6.      In view of the lengthy history of this matter, I emphasise that the present hearing is to review the decision of 27 February 2008.  That decision revoked the earlier determination dated 18 October 2007.  Under s19 (3)(f) of the Act, the decision maker determined that the applicant was entitled to 100% of his NWE in view of the fact that he was employed for more than 100% of his (former) normal weekly hours.  It was further determined that he was able to earn an amount in “suitable employment” as a farm manager and was also undertaking the duties of a bus driver during school terms. The amount that he was capable of earning was set at $1,290.40.  The amount of compensation payable under s19 (3) of the Act was therefore calculated as being $679.02 per week.

ISSUES

7.      The Tribunal must determine the following questions:

(1)Whether the amount of normal weekly earnings (NWE) in the formula in section 19 (3) of the Act is to be included in the consideration of the decision under review? and

(2)Whether the determination of 27 February 2008, in relation to the elements of the formula under s19 (3) of the Act, are correct?

BACKGROUND

8.      Mr Warnock was raised on a farm in rural New South Wales.  After a brief period of training towards the priesthood, he was involved in youth welfare work for a period of time.  At approximately age 30, in 1991, he joined the Australian Federal Police.  The evidence shows that he enjoyed his work and was enthusiastic with good communication skills.  His career appears to have been relatively successful and he was promoted to the rank of Sergeant in 1999.  Since that time, he was employed in the Police Support Area which involved attending traumatic scenes involving police officers.  It appears he offered support not only to police but also to some others who were involved in these incidents.  He subsequently served for a period of time in New Guinea over a two year period.  He was disappointed when the AFP contingent in New Guinea was ceased for political reasons.

9.      He subsequently worked in administrative roles and then in the Burglary Task Force.  His involvement and empathy for some young offenders, appears to have brought him into conflict with his superiors.

10.     The medical evidence also indicates that he had been a heavy drinker for a period of time prior to this.  Following his conflict with senior police, his suffered with a mood disorder and went on stress leave in November 2005.

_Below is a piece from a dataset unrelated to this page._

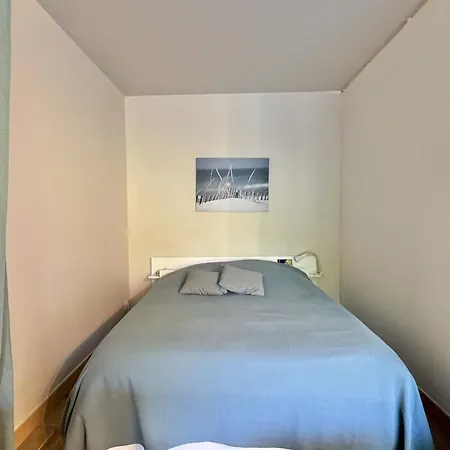 Bright Just A Stone's Throw From The Sea Saint-Raphaël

11.     He remained on leave for about 11 months and saw various psychiatrists during that time, both a treating psychiatrist as well as other psychiatrists to provide official reports so that as a Commonwealth employee, his capacity for work and eligibility for compensation could be objectively assessed.  By the end of that period, he had, it appears, decided to seek an alternative career and he sought to acquire a Macadamia farm.  He and his treating psychiatrist both agree that this was useful in enhancing his ability to rehabilitate from his medical condition.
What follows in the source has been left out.